(Brief descriptive captions)
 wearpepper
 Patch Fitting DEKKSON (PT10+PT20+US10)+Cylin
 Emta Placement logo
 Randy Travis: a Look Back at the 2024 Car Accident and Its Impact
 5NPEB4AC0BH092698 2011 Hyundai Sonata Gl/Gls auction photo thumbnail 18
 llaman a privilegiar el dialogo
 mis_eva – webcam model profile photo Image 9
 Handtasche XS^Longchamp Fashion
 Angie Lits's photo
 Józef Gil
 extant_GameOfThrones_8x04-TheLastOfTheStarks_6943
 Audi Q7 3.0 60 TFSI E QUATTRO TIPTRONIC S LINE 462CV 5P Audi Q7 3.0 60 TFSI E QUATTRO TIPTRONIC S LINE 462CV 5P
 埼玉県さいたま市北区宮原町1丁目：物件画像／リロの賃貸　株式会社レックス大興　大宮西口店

* What the task requires:
Word for word, write out each of the records above.

* Response to the exercise:
 wearpepper
 Patch Fitting DEKKSON (PT10+PT20+US10)+Cylin
 Emta Placement logo
 Randy Travis: a Look Back at the 2024 Car Accident and Its Impact
 5NPEB4AC0BH092698 2011 Hyundai Sonata Gl/Gls auction photo thumbnail 18
 llaman a privilegiar el dialogo
 mis_eva – webcam model profile photo Image 9
 Handtasche XS^Longchamp Fashion
 Angie Lits's photo
 Józef Gil
 extant_GameOfThrones_8x04-TheLastOfTheStarks_6943
 Audi Q7 3.0 60 TFSI E QUATTRO TIPTRONIC S LINE 462CV 5P Audi Q7 3.0 60 TFSI E QUATTRO TIPTRONIC S LINE 462CV 5P
 埼玉県さいたま市北区宮原町1丁目：物件画像／リロの賃貸　株式会社レックス大興　大宮西口店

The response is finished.